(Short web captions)
>>>>
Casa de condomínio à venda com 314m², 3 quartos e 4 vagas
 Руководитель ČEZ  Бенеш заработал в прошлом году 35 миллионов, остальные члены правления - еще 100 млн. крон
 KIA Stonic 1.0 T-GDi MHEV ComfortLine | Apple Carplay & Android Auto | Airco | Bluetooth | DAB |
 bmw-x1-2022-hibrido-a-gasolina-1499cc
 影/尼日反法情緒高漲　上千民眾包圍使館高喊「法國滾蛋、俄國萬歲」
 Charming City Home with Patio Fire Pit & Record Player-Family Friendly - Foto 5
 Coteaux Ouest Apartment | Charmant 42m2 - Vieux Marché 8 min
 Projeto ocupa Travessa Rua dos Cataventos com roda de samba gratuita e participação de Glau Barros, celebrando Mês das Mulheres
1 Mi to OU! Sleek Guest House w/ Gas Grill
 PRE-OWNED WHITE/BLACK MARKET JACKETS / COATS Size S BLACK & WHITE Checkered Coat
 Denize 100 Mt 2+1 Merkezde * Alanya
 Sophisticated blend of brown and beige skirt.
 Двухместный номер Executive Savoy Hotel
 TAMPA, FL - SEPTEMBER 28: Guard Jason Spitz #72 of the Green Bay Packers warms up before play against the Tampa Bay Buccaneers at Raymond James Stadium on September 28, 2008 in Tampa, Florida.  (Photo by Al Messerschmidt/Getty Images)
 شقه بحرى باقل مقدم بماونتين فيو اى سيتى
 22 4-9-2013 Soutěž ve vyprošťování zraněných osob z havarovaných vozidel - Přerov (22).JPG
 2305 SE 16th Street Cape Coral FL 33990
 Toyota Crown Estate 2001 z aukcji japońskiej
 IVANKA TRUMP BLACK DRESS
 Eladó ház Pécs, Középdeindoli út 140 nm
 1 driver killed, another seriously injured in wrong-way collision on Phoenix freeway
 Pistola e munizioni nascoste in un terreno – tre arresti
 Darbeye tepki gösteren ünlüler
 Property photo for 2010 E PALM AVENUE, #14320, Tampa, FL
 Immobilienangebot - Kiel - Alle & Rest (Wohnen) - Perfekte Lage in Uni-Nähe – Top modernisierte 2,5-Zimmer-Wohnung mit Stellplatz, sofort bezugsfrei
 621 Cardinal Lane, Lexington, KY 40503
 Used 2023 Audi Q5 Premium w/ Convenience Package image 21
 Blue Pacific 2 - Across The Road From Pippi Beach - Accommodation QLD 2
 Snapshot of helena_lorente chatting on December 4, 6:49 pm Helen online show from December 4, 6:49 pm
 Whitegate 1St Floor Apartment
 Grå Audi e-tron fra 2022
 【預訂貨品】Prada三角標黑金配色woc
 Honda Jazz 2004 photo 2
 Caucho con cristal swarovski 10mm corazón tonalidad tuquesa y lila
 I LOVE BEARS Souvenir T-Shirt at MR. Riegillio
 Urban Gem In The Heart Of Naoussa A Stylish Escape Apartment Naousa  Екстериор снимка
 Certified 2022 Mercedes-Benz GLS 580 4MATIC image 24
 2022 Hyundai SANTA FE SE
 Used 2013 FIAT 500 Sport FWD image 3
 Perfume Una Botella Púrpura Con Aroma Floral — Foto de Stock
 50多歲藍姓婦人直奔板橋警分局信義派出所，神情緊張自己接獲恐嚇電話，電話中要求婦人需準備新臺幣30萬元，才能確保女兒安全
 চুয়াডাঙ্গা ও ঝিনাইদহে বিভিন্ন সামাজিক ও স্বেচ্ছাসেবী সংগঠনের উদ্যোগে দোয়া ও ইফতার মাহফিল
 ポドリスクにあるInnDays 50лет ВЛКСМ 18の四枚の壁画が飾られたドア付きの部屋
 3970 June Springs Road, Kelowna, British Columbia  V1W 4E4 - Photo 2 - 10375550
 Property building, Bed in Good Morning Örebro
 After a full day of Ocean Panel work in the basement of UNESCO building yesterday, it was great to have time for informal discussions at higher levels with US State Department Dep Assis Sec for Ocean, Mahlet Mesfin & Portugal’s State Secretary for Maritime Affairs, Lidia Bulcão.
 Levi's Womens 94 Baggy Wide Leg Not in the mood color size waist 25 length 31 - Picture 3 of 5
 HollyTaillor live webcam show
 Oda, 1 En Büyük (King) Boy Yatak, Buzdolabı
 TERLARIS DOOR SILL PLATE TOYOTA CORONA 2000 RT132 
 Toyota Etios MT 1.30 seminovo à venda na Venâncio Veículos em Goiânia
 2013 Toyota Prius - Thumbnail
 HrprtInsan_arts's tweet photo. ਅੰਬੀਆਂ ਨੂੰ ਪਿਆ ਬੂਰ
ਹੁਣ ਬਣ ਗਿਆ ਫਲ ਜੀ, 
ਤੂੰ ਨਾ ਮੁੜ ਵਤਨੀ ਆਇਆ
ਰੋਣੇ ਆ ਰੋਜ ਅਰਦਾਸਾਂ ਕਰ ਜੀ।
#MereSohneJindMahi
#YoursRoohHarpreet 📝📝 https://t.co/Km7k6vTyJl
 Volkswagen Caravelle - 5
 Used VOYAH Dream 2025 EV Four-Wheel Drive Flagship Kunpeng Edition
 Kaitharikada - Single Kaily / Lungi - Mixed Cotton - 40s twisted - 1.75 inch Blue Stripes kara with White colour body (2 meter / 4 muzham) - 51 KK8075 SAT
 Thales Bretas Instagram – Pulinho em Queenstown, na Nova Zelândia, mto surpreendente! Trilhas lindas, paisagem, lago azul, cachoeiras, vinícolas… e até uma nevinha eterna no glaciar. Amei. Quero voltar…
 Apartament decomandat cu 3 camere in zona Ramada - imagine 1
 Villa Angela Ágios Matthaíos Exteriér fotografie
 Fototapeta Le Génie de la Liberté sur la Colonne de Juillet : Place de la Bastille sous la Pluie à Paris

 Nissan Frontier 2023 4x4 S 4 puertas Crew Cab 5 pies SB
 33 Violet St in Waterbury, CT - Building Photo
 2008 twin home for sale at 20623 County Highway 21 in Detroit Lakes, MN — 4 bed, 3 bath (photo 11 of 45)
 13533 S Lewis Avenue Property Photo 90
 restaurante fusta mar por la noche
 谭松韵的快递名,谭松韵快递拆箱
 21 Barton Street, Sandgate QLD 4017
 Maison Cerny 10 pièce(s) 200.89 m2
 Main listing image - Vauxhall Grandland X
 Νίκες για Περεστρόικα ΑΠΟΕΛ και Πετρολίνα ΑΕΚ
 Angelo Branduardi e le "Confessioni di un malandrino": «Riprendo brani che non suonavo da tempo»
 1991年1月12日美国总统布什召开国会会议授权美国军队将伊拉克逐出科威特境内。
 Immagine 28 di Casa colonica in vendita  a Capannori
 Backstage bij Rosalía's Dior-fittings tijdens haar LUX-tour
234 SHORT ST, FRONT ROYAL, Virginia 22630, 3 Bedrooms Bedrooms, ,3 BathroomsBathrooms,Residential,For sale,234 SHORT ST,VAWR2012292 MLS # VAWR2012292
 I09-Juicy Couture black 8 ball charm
<<<<
Work request: In the records above, find the lines holding "Used". Copy each one.

Answer section:
 Used 2023 Audi Q5 Premium w/ Convenience Package image 21
 Used 2013 FIAT 500 Sport FWD image 3
 Used VOYAH Dream 2025 EV Four-Wheel Drive Flagship Kunpeng Edition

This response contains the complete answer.